The initiative was launched by the United Nations Educational, Scientific and Cultural Organization (Unesco). Architect Rodney Leon was solicited to carry out planning and design. His family roots are firmly anchored in the Caribbean. Leon set out to objectify this unfathomable episode of man’s history – an estimated 15 million Africans were transported to South- and North-America and kept as slaves.
The geometric shape of the prism is a fundamental part of Leon’s work. Europeans had organized the slave trade which took place from the 15th to 19th century as a triangle trade – thus the triangular shape of the prism. Africans were transported to Middle-, South- or North-America and sold to landlords and owners of large plantations; the ships were then reloaded with products originating from the plantations. The payload was brought back to Europe where products were purchased with the profits. The products were used as means to pay for more slaves from Africa.
Sailing round-trip via North- and South-America enabled the tradesmen to make optimal use of the Gulfstream and prevailing winds.
The memorial as a whole represents a stylized ship although in the readers’ mind’s eye an analogy to a large tent or tarpaulin, through which beholders can wander, is, perhaps, easier to grasp.

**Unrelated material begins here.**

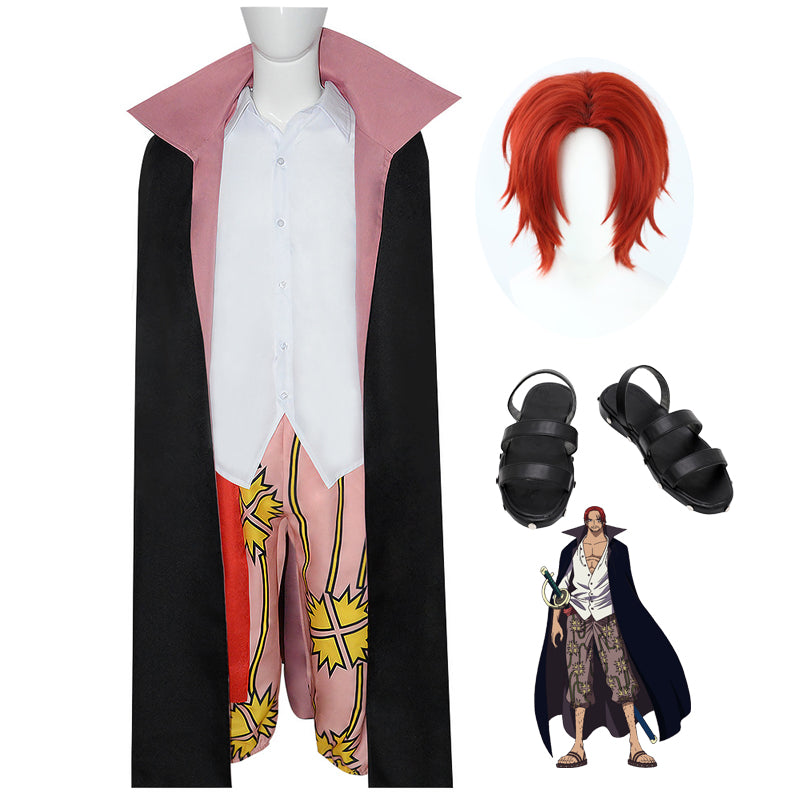 Anime One Piece Red Hair Shanks Cosplay Full Set With Wigs and Shoes Halloween Costume Set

The side walls of different sizes as specified by the architect are mounted on a steel frame.
The architect’s specifications required the prisms to be precision-cut and exactly aligned and anchored into the complex set of angles.
From cutting the marble to mounting the finished work left craftsmen with a window of 45 days.
The interior walls of the marble slabs depict the shipping routes and the inhuman methods of keeping the slaves during transportation.
In a niche in the wall of the work a human figure made of Zimbabwean Absolute Black Marble fittingly represents the cargo.
Approaching the figure, beholders will see tears running from the eyes of the androgynous facsimile which represents men, women and children alike, all of which were sold as slaves.
The floor of the piece shows wave-like veins.
The titles „Ark of Return“ is a play on „Door of no Return“ on Gorée Island off the Senegalese Coast. By turning around the meaning, the architect meant to give the history a new perspective: the triad „Acknowledge the tragedy, consider the legacy, lest we forget” is meant to warn beholders of the tragedy of exploitation, human trafficking, and modern slavery still rampant today.
The final station though the memorial is a triangular basin, in which visitors can reflect on what they saw, as stated on the architect’s webpage.
A variety of Danby White Marble originating from Vermont was implemented.
Rodney Leon was chosen among 300 competitors from 83 countries. Costs ran up to a total of 1.7 million US-$.
The memorial was inaugurated on March 25th, the UN’s annual day of remembrance for the victims of slavery. The inauguration was the first major event of the „Decade for People of African Descent“ running from 2015 until 2024 – set aside to commemorate the contribution of people of African descent made to world history.
We withhold our comment on artistic design.